** What you have to do **
Begin at the line below that has "Ermanno Scervino Black Silk Casual Pants". Stop after the line that has "Inside Knowledge outside", repeating each line exactly and leaving out the pictures.

** Data extract **
════
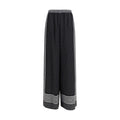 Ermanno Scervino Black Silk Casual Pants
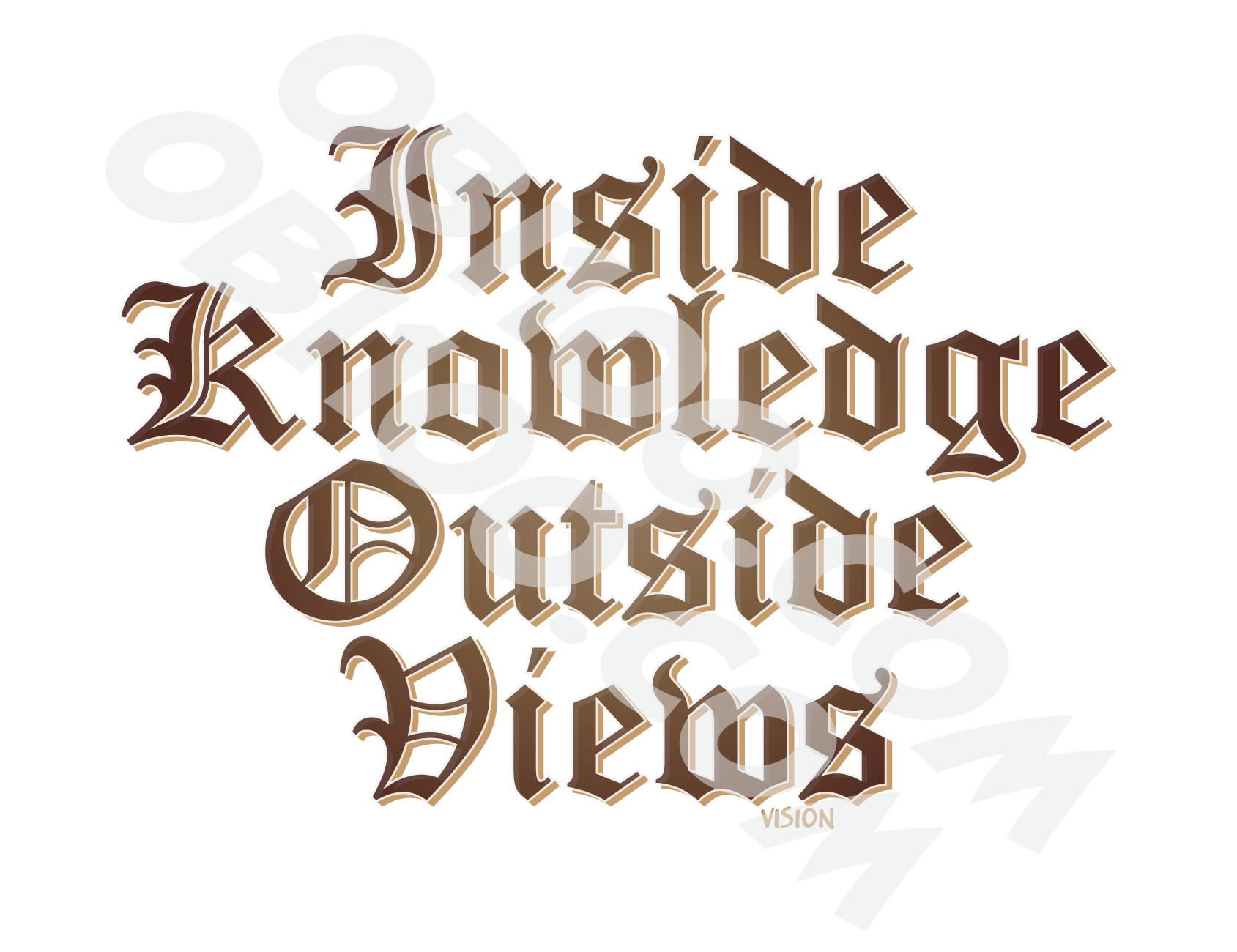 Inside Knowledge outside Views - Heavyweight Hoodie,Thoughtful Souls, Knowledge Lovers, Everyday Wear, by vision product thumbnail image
════
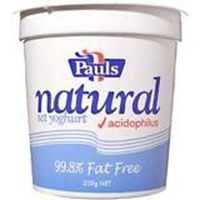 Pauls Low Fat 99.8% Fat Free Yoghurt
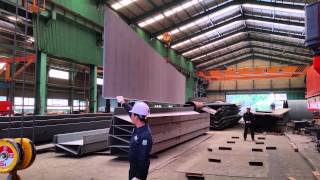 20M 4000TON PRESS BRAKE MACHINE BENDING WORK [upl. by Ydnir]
════
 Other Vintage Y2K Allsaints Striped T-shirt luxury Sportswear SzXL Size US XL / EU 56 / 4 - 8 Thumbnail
════
** Result for this exercise **
 Ermanno Scervino Black Silk Casual Pants
 Inside Knowledge outside Views - Heavyweight Hoodie,Thoughtful Souls, Knowledge Lovers, Everyday Wear, by vision product thumbnail image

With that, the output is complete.